Closed RubenKelevra closed 1 year ago
Thank you for submitting this PR! A maintainer will be here shortly to review it. We are super grateful, but we are also overloaded! Help us by making sure that:
The context for this PR is clear, with relevant discussion, decisions and stakeholders linked/mentioned.
Your contribution itself is clear (code comments, self-review for the rest) and in its best form. Follow the code contribution guidelines if they apply.
Getting other community members to do a review would be great help too on complex PRs (you can ask in the chats/forums). If you are unsure about something, just leave us a comment. Next steps:
A maintainer will triage and assign priority to this PR, commenting on any missing things and potentially assigning a reviewer for high priority items.
The PR gets reviews, discussed and approvals as needed.
The PR is merged by maintainers when it has been approved and comments addressed.
We currently aim to provide initial feedback/triaging within two business days. Please keep an eye on any labelling actions, as these will indicate priorities and status of your contribution. We are very grateful for your contribution!
Hey @Stebalien, the previous settings are way too large to do sensible deduplication.
There's a study linked in https://github.com/ipfs/go-ipfs/issues/7966 which states, that 64 KByte is a good choice for deduplication when compression is applied too.
But that's for highly mixed data and with very limited memory per terabyte of storage.
We don't have such restrictions, users can choose buzhash blocked data like iso images, VM images uncompressed tar archives as well as HTML, CSS, and other text-based files.
With the new buzhash size those should deduplicate very well.
For any compressed or encrypted data format deduplication isn't possible anyway, so they can be stored in the default 256 K blocks and don't need the overhead of being stored with smaller blocks.

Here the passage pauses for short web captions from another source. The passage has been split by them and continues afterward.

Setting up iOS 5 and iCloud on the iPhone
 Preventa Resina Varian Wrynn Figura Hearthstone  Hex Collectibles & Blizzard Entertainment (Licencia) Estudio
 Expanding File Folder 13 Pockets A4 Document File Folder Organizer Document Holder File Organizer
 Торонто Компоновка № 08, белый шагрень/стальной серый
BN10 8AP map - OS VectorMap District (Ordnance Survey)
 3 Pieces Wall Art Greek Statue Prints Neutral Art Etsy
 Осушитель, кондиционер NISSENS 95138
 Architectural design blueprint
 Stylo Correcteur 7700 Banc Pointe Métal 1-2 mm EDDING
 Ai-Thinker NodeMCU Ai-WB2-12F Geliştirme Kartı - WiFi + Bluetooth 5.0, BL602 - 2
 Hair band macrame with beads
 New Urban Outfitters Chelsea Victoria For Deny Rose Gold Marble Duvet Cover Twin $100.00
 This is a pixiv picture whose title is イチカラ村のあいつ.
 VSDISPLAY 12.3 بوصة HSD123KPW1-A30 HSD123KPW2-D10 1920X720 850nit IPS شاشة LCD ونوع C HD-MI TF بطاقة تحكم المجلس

I agree we should change the defaults (although please also consider that we're trading off per-block overhead in terms of access times, network overhead, latencies, etc). However, if we're going to change the defaults, I'd like to let users revert to the old defaults (e.g., to ensure hashes converge with previously imported data).
I mean, sure, there's some overhead involved - but on small files, this is probably not significant. It's more important that many different versions of SQL dumps, VM images, iso images, etc. properly deduplicate.
Latency on disk shouldn't be an issue, since the average 8K should be still pretty neat in performance on an SSD. I mean, that's what a database usually uses as the block size. So operating systems are kind of optimized for that. Since we can do more deduplication means, we can do more efficient caching of the same amount of data. This might even lead to more performance, depending on the amount of duplicate data.
We also reduce the transfer size, by being able to fetch data from the local disk, which hasn't been changed.
For large file transfers, we might want to tweak the network settings to think in data size, not individual blocks. This way we would just fetch more blocks containing the same amount of data.
The target size of this new setting is 8K since as mentioned above that's what databases use which means the operating system is optimized for this size of requests.
When the blocks are stored in a database they would be stored sequentially anyway, so there's no real loss in write speed.
In terms of flatfs, we might hit some barriers since we probably do sync after each block has been written. So we might want to recommend turning off sync if there are performance issues.
Regarding old data: Buzhash is fairly new in ipfs and I don't think there are many users, especially since rabin gives a bigger deduplication ratio at the current settings.
I don't think we need backward compatibility here.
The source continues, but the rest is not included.